Gabor Wavelets for Sparse Coding of Audio

Chances are if you’ve been in the machine learning space you have attempted to classify some sort of audio using Fourier Coeffiecients or a STFT Spectrogram. This has proven to be a good standard for audio feature extraction for most applications. However, one weakeness of the Fourier transform is that the basis functions are indefinite, as sine waves and cosine waves go on forever.

Whereas with Gabor wavelets, the power is localized in space.

Formulation

You can think of Gabor wavelets as Gaussian waves, with mean \(\mu\) and variance \(\sigma^2\). The equation for a 1D real-valued Gabor wavelet is actually just:

\[G(x, \mu, \sigma) = e^{-(x-\mu)^2/\sigma^2}\]

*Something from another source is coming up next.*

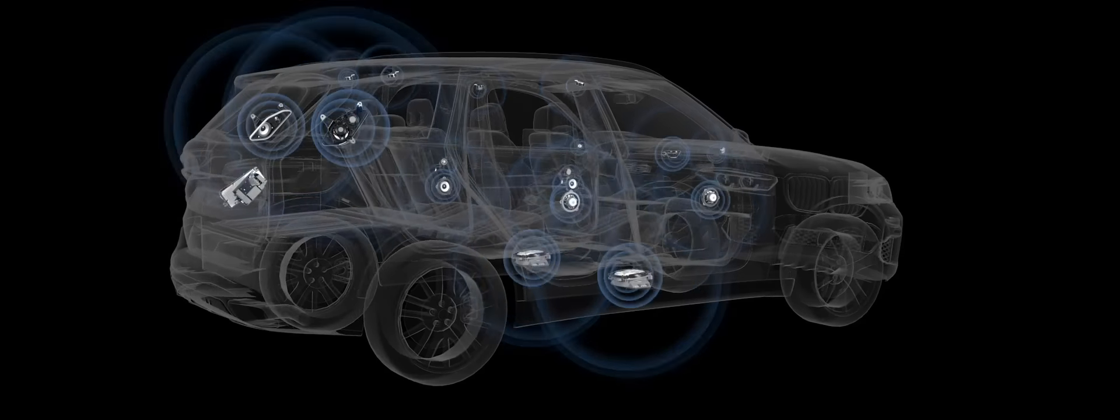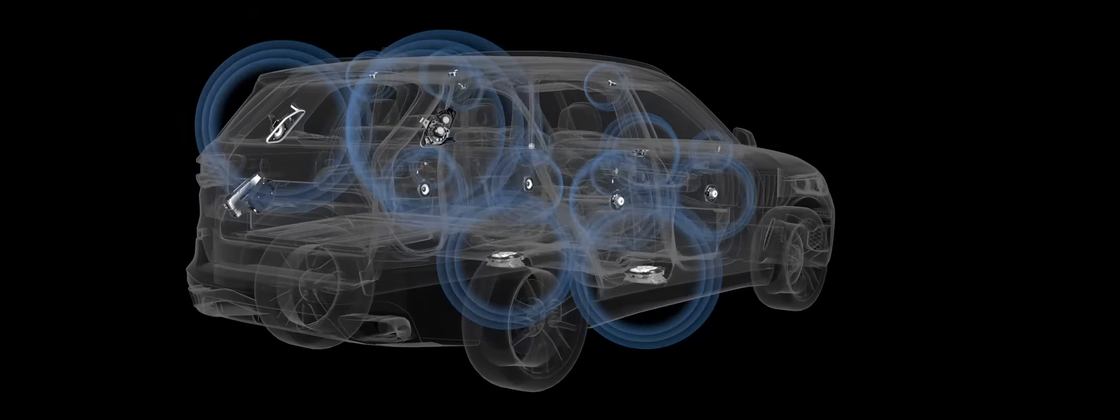Feel the 3D sound that expands beyond the boundaries of the vehicle's cabin. The Bowers and Wilkins Diamond Surround Sound System in 3D.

Which follows the Gaussian distribution.

Building a Gabor Overcomplete Dictionary

So the whole idea behind sparse representation is that you have a “dictionary” which is overcomplete, meaning that is has more vectors than dimensions and the vectors obviously form a basis for the dimensions. We can use small number of combinations of “words” in this dictionary to form new words. The reason we call this representation sparse is then because we only need to know about a few words to construct a new word, meaning less information has to be sent about the new word.

In order to then build the Gabor dictionary, we use an abundant combination of \(\mu\)’s and \(\sigma\)’s to represent the signal. So if the signal we are trying to represent is 10 samples long, we may use a dictionary of length 500, each sample with a unique, equally distributed \(\mu\) and \(\sigma\).